Justice Department Approves Paramount’s $111 Billion Acquisition of Warner Bros. · Slashdot The US Justice Department has cleared Paramount Skydance’s $111 billion takeover of Warner Bros. Discovery without requiring any divestitures or concessions. The mega-merger consolidates a staggering amount of media control under the Ellison family and combines the Paramount+ and HBO Max streaming platforms into a single service boasting 200 million subscribers. While the DOJ concluded the deal won’t harm competition, Hollywood workers and critics argue it will trigger mass layoffs and further monopolize the entertainment industry.
Pokémon Go players unwittingly contributed to tech with military drone uses · Ars Technica Years of real-world 3D location scans uploaded by casual Pokémon Go players were used to train Niantic Spatial’s visual positioning system. That technology is now being paired with software from defense contractor Vantor to navigate military drones and intelligence systems when GPS is unavailable or jammed. The pipeline from mobile gaming rewards to battlefield defense systems is raising serious ethical questions about user consent and the opaque destinations of corporate training data.
Controversial FISA spying law expires tonight. The spying will continue. · Ars Technica Congress allowed Section 702 of the Foreign Intelligence Surveillance Act to lapse at midnight, marking the first time lawmakers have failed to extend the controversial warrantless spying authority. However, despite the political theater surrounding the expiration, the FBI and NSA’s surveillance operations will not actually go dark. The government’s spying powers remain fully active until March 2027 thanks to a yearlong certification issued by the FISA Court earlier this year.

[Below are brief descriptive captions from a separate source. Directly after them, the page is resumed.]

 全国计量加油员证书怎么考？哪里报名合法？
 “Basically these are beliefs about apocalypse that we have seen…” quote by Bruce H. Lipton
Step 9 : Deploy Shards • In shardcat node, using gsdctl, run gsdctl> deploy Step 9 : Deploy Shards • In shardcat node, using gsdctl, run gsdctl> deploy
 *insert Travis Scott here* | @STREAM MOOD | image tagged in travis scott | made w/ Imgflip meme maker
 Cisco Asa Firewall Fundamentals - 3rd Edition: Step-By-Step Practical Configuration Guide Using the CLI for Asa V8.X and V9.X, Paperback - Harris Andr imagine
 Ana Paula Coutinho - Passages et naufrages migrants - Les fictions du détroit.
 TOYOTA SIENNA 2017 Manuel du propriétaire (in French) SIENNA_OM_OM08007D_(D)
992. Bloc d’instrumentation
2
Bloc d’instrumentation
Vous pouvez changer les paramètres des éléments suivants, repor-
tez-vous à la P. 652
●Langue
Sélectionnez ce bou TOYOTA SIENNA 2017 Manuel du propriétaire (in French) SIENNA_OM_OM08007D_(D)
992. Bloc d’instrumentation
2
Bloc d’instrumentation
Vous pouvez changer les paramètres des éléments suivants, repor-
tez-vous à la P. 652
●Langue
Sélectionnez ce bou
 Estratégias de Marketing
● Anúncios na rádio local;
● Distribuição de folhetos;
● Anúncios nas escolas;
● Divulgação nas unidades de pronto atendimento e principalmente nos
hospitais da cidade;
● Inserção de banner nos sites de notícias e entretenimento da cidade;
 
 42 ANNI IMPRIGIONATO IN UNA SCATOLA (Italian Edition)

‘Tell Him He’s a Piece of Shit’: Meta’s New AI Unit Is a Total Mess · WIRED Meta’s 6,500-person AI division is reportedly on the verge of open revolt as employees struggle with chaotic internal strategies and executive mismanagement. Tensions boiled over in company-wide forums where staff expressed deep resentment toward CEO Mark Zuckerberg’s mandated AI hackathon, reflecting a broader cultural breakdown within the company’s aggressive pivot to artificial intelligence.
Also Worth Knowing#
- ShinyHunters Hacked 100+ Organizations By Exploiting an Oracle PeopleSoft 0-Day: The ShinyHunters ransomware group stole gigabytes of data from over 100 global organizations, heavily targeting higher education, by exploiting a critical zero-day server-side request forgery vulnerability in Oracle PeopleSoft.
- $130 billion in data center projects blocked by protests so far this year: Community opposition groups successfully halted or delayed 75 data center construction projects in the first quarter of 2026, marking a structural shift in public resistance to massive AI infrastructure rollouts.
- Ukraine’s one-time test used fully autonomous drones to kill Russian soldiers: A Ukrainian drone manufacturer confirmed the deployment of quadcopters equipped with a preprogrammed, AI-powered “Terminator mode” that successfully sought out and eliminated targets without human piloting.
- Infineon to Open German Chip Fab as Part of EU Sovereignty Push: Driven by the staggering power demands of AI data centers, Infineon is opening a $5.8 billion power semiconductor factory in Dresden with the backing of EU Chips Act subsidies.
- Nothing CEO says phone prices are going to keep going up: Noting that memory costs have already doubled since the Phone 4A was designed, Nothing CEO Carl Pei warned consumers that smartphone prices will continue to surge into next year due to an AI-fueled shortage of RAM chips.